It's been ingrained in our heads that cardio is a key to fitness. For athletes, this isn't necessarily the case. Sports use your body much differently than jogging or cycling. And that's where cardio training can go awry.
Cardio Training Cons
It's not sport-specific
Steady-state endurance has no direct correlation to many sports. Sports like soccer, basketball and football consist of intense movements followed by brief rest periods. This places different demands on the body compared to pure distance running, for example. As a matter of fact, too much cardio exercise like jogging can actually make you slower.

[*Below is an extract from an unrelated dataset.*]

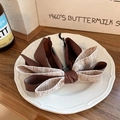 Elegant bow hair claw clip in brown and beige tweed fabric on a white vintage plate - Bow Banana Clip / Brown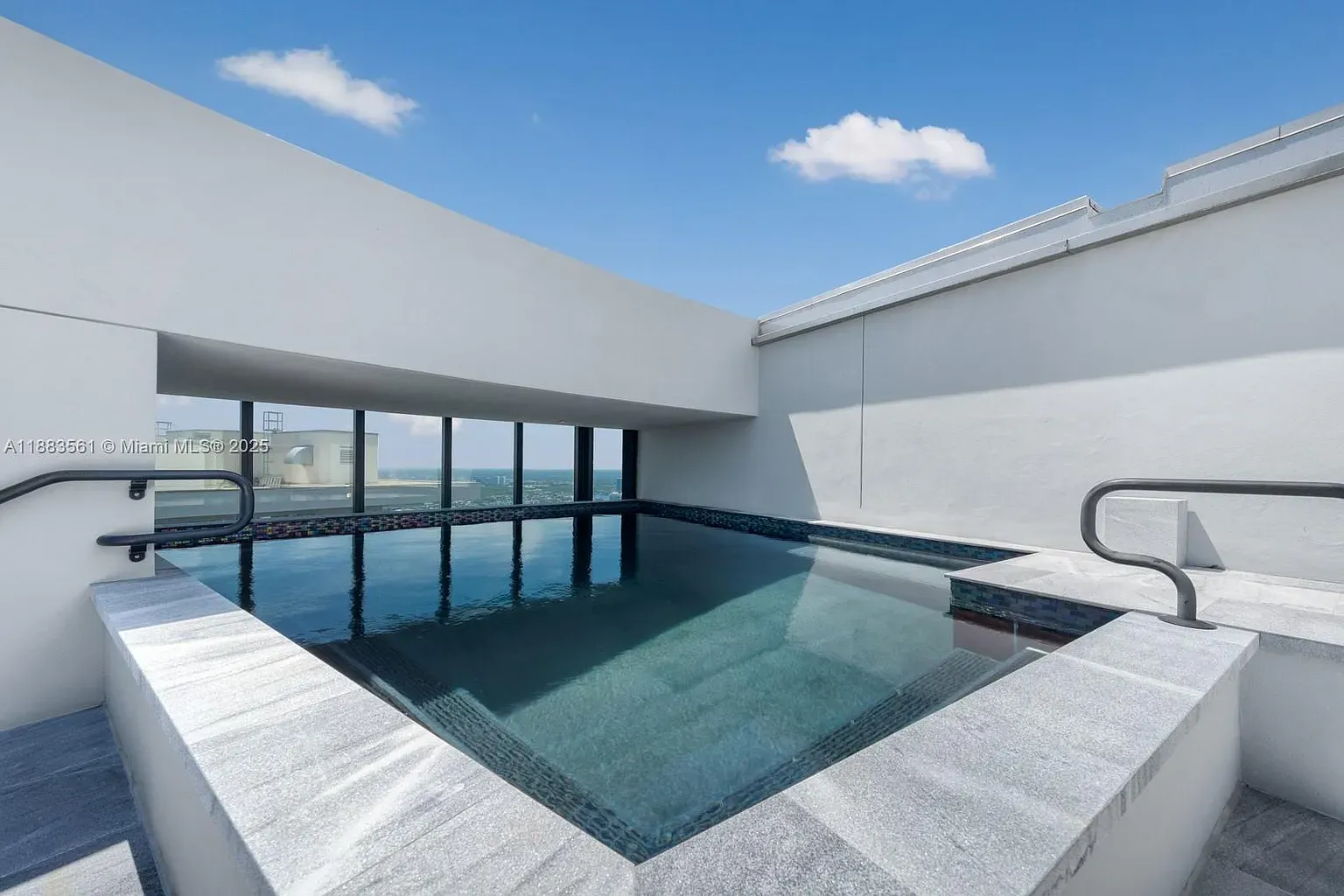 And then, rooftop infinity pool. Clean lines, pale stone, horizon just melts.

Athletes have limited time to train. It is important to prioritize the most important areas that need to be addressed. For example, if you primarily perform movements that require strength and explosive power in your sport, that should be your primary training focus. It's unlikely you'll ever need to run for 30 minutes straight in your sport.
It requires significant recovery time
If your cardio exercises are intense, you need time to recover. This can impact other areas of training, which might be more important. If you are a football player who needs short bursts of strength, you won't want your productivity in the weight room to be reduced because you aren't fully recovered from yesterday's cardio session.
Cardio Training Pros
This is the main reason athletes would do cardio training. Depending on the sport, it could be very beneficial. In general, most team-sports athletes would benefit from improved endurance. Also, cardio helps build your aerobic base, which improves recovery from explosive movements.
There are many ways to burn fat, and cardio exercises are a common tool for athletes looking to shed some pounds.
RELATED: In Defense of Cardio
Cardio trains the cardiovascular system. It makes your heart a more efficient machine, which is important for your sport and for long-term health.
You can maximize the positives and minimize the negatives of cardio by following one simple rule: Make your cardio exercises specific to your sport. Try to simulate the endurance demands that your sport places on your body by keeping the work-to-rest ratio similar.
Cardio Exercises for Athletes
- Interval Running. This consists of intense running or sprinting for short distances, followed by walking or complete rest. For instance, you can mimic the energy demands of football by doing an exercise intensely for 3-5 seconds and follow it with 20-40 seconds of rest. This is like the format of a game, where you work hard during a play, and then have a short recovery period before the next play.
- Sled Work. Pushing or pulling a weighted sled is a great way to prepare for the conditioning needs of sports like football and wrestling. It's especially great to do it in a group of four to six athletes. One athlete can push (or pull) the sled a short distance. He or she can then recover while the other athletes take their turn. Repeat 10-12 times or alternate a push set with a pull set.
- Circuits. Choose 8 to 12 exercises that engage a variety of muscle groups. Perform 10 reps of an exercise, and then partially recover while moving to the next station/exercise. Repeat the circuit after a long rest period.